Меддах Омар проводил их взглядом.
«О, народ османский… Когда уже ты будешь довольствоваться своим добром, заброшенным, нераскопанным? Зачем ты заришься на чужие земли, не вспахав свои, почему не насытишь собственным богатством родных детей, а принуждаешь их, голодных, рыскать не по своим полям и напрасно проливать кровь соседей? Когда уже ты утолишь свою неутолимую жажду? Сегодня у тебя есть власть, и ты своевольничаешь. Кто же защитит тебя от божьей мести, когда она грянет? А она придет. Уже сужается круг веков, и тебе придется вернуться туда, откуда пришел, исполнив свое призвание на земле. Вернешься, осуждаемый всеми.
О, страшное у тебя призвание! Тебя обманули тщеславные и властолюбивые вожди твои, и ты, лицемерно взяв божье учение за оружие, залил слезами, кровью и ненавистью к себе полмира. А что ты получил за это? Сидишь, точно безумный скупец, среди сокровищ, награбленных в чужих амбарах; хлеб, отнятый у голодных, не лезет тебе в рот; сидишь в лохмотьях и нужде, не ведая, что делать с награбленным добром. Народы превратил в нищих, а сам обогатиться не можешь и лишь порождаешь лютую ненависть к себе.

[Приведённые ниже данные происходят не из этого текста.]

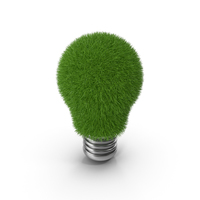 Green Energy Bulb Symbol PNG & PSD Images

А мог бы жить, рождать мудрецов, поэтов, астрологов... Но справедливый гнев уже сплачивает врагов твоих. И воскликнули они: «Лжив хадис[130] пророка Магомета о том, что не существует народностей под игом ислама. Мы существуем!» Пропел свою повстанческую песнь болгарский гайдук, греческие учителя понесли своим людям книги, подняли головы валахи, черногорцы, албанцы. Кто спасет тебя? Твои умные дети — повстанцы-кызылбаши подняли меч на виновников твоего горя и будущей гибели твоей, а ты, ослепленный и неразумный, убиваешь их — своих спасителей.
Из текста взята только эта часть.